TO DO: The records below are to be copied word for word, with every picture left out.

DATA UNDER STUDY:
▼▼▼

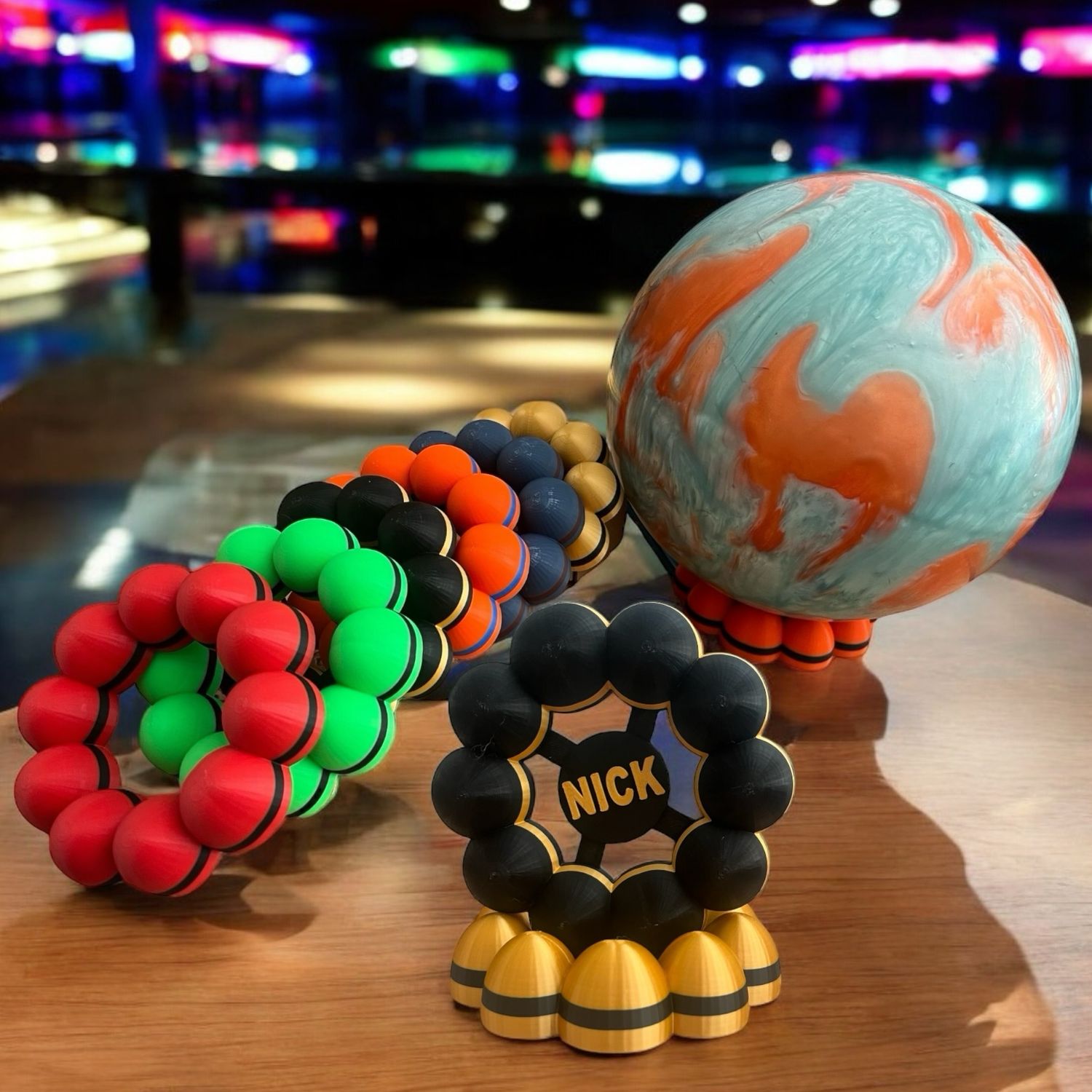 Bubble Bowling Ball Cup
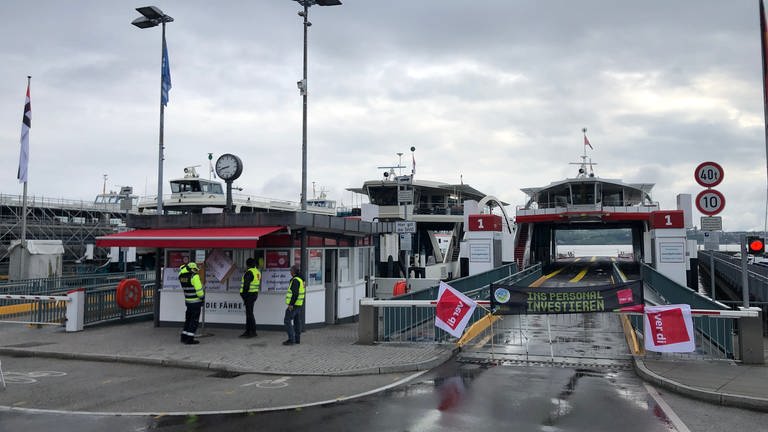 Zwei Tage Warnstreik in Konstanz: Busse und Fähre fahren nicht am 18. und 19. April 2024 (Foto: SWR, Moritz Kluthe)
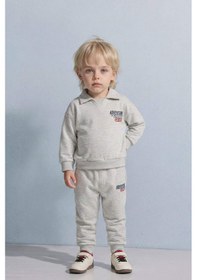 Resim Defacto Slogan Baskılı Sweatshirt Kumaşı 2'li Takım Erkek Bebek G6294A526SP 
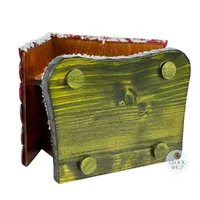 22cm Chalet Weather House With Santa & Snowman By TRENKLE image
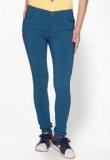 Globus Blue Solid Jeans Women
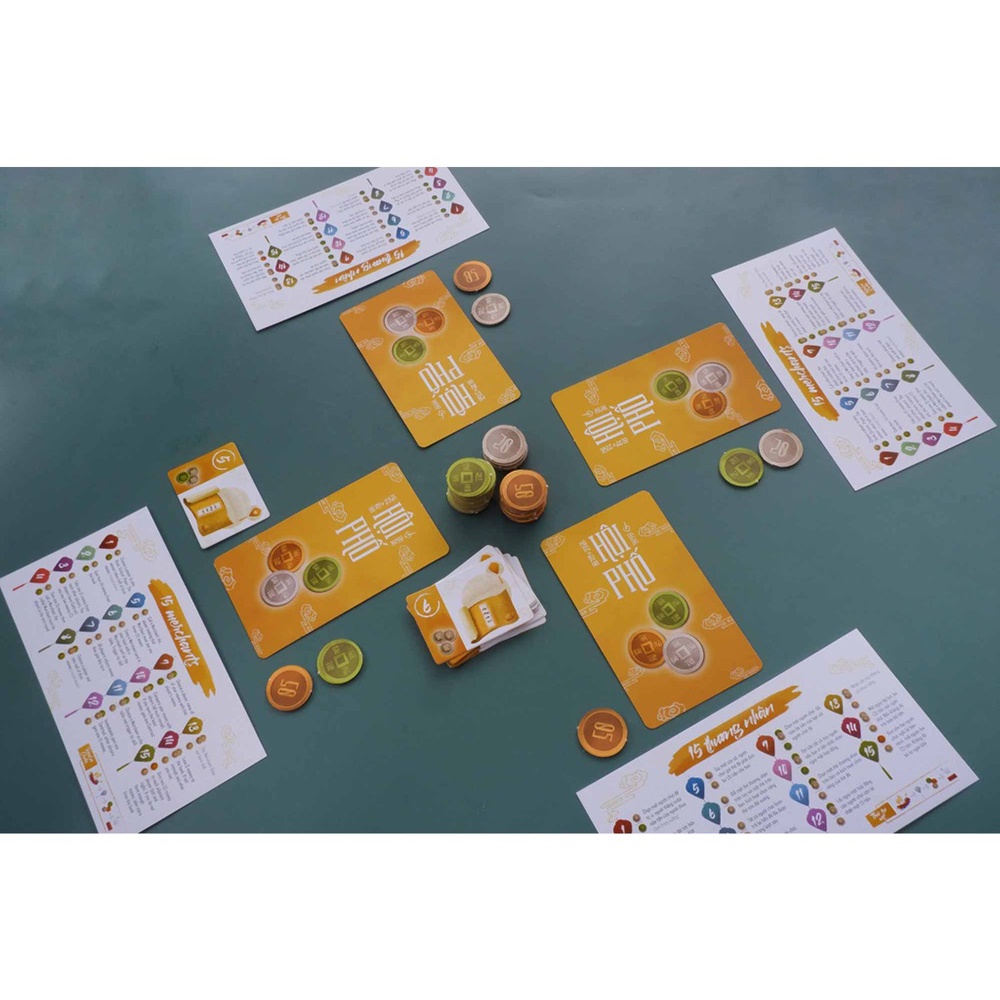 Bài Board Game Hội Phố 2022 Ngũ Hành Games NH-HPHO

▲▲▲

SOLUTION TO THE EXERCISE:
 Bubble Bowling Ball Cup
 Zwei Tage Warnstreik in Konstanz: Busse und Fähre fahren nicht am 18. und 19. April 2024 (Foto: SWR, Moritz Kluthe)
 Resim Defacto Slogan Baskılı Sweatshirt Kumaşı 2'li Takım Erkek Bebek G6294A526SP 
 22cm Chalet Weather House With Santa & Snowman By TRENKLE image
 Globus Blue Solid Jeans Women
 Bài Board Game Hội Phố 2022 Ngũ Hành Games NH-HPHO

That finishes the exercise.